■ Exercise details: Locate the word "Pink" in the entries below, then gather every line that holds it.

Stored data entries
──────────────────────────────

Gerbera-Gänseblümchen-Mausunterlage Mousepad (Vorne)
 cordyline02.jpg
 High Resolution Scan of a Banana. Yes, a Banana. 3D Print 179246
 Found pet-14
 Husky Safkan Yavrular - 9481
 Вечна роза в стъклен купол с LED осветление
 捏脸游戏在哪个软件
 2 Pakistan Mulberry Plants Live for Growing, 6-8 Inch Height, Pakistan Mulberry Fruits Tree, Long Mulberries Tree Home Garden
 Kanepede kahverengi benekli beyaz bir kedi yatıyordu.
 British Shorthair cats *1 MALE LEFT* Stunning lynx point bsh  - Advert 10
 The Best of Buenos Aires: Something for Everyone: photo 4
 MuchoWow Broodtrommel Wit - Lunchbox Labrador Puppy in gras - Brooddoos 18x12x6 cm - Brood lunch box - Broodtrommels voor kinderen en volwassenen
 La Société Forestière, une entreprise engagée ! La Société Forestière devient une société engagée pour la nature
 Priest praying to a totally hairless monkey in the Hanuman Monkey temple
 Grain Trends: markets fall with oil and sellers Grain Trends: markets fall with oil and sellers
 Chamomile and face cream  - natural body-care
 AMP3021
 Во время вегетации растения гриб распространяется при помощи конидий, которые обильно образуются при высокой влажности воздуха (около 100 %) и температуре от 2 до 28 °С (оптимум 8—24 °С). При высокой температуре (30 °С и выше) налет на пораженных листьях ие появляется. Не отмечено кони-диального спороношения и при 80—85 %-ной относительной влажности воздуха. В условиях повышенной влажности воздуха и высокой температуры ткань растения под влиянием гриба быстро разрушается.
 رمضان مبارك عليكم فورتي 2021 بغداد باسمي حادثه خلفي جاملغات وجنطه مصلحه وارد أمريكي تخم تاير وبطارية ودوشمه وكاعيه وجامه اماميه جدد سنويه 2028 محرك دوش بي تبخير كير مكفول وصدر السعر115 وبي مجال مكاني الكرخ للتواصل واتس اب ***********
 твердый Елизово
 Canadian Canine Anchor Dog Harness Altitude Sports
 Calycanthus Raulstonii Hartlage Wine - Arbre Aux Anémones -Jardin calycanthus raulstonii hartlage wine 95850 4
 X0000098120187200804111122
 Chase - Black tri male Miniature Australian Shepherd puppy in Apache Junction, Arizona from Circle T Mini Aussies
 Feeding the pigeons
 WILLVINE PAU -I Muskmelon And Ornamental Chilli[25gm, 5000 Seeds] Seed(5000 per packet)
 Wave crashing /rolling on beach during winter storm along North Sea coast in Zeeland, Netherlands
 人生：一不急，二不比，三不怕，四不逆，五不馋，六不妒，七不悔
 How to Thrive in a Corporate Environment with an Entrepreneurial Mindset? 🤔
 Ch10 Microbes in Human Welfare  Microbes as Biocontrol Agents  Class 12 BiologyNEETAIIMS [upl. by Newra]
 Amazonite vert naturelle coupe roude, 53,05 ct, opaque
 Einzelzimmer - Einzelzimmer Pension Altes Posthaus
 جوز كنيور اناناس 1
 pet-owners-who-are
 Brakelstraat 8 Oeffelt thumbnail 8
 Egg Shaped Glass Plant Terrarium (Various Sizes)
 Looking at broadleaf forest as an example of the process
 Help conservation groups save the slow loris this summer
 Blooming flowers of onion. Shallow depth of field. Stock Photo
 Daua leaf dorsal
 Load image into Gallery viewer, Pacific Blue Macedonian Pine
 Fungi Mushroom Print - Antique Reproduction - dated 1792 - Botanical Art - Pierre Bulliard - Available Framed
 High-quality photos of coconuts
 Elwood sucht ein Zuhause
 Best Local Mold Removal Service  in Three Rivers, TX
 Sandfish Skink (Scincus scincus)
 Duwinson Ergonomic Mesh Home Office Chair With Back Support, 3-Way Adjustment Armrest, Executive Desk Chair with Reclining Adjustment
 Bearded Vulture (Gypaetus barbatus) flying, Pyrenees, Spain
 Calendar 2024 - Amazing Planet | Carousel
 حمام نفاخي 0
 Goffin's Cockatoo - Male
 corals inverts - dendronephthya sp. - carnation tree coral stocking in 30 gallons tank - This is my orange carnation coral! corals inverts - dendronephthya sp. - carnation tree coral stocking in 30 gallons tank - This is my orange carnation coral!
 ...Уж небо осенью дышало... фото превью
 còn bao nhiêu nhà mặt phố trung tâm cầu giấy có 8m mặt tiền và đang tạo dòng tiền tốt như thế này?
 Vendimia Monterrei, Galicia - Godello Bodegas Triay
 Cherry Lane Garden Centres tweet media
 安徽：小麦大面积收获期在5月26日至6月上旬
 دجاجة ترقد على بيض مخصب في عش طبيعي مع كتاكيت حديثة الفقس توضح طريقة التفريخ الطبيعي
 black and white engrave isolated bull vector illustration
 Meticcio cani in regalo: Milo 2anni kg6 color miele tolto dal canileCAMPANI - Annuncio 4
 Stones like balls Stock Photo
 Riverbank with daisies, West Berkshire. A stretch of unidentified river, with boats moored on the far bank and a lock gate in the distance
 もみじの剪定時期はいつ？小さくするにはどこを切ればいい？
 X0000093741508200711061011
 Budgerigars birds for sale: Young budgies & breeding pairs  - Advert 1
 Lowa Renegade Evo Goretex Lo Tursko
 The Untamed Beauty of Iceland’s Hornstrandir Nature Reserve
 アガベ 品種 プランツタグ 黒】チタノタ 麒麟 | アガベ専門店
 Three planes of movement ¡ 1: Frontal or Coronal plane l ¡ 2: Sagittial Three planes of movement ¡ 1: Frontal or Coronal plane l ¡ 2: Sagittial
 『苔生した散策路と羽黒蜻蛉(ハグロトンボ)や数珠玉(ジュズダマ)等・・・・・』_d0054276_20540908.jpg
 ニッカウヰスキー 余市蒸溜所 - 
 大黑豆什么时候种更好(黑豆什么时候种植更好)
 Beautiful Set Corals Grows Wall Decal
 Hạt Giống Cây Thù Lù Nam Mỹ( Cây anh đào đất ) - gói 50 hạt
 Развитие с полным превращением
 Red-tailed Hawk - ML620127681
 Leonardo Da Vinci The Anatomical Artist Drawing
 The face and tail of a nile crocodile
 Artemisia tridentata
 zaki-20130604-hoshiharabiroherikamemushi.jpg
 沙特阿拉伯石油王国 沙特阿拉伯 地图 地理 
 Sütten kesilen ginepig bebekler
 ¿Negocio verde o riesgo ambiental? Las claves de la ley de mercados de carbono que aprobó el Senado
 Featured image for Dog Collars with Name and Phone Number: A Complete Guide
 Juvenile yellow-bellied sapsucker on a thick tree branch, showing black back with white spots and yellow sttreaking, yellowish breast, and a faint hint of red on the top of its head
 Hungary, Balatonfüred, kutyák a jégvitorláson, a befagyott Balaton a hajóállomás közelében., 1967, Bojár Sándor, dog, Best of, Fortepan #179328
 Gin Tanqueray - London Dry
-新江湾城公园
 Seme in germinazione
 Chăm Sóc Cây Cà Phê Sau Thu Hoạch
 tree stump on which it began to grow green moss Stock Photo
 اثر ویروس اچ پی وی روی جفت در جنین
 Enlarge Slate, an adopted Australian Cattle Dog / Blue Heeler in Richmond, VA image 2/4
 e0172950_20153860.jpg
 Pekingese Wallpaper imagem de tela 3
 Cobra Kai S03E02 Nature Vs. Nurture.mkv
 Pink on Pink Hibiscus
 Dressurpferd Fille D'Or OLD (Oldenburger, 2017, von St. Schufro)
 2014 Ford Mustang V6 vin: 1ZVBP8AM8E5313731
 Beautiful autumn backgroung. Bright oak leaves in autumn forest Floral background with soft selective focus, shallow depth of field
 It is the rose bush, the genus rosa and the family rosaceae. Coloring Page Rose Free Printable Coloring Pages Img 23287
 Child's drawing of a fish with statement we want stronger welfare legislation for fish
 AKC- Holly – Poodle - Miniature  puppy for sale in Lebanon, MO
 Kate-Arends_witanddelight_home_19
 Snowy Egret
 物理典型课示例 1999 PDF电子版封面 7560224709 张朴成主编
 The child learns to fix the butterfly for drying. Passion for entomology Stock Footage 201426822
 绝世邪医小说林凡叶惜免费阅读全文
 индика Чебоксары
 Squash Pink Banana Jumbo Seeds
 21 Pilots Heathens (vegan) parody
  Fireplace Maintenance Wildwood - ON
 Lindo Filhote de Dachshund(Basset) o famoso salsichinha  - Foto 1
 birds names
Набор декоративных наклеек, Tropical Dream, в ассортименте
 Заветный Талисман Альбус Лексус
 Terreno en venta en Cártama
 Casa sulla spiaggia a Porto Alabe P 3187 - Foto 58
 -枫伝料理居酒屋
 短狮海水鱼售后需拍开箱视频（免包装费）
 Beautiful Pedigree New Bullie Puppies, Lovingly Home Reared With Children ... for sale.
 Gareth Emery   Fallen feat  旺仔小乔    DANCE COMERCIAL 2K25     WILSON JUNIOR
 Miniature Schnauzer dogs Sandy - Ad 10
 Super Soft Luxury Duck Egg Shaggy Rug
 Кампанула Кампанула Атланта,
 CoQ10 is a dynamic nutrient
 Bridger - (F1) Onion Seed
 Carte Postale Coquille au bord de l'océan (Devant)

──────────────────────────────

■ Answer to this exercise:
 Pink on Pink Hibiscus
 Squash Pink Banana Jumbo Seeds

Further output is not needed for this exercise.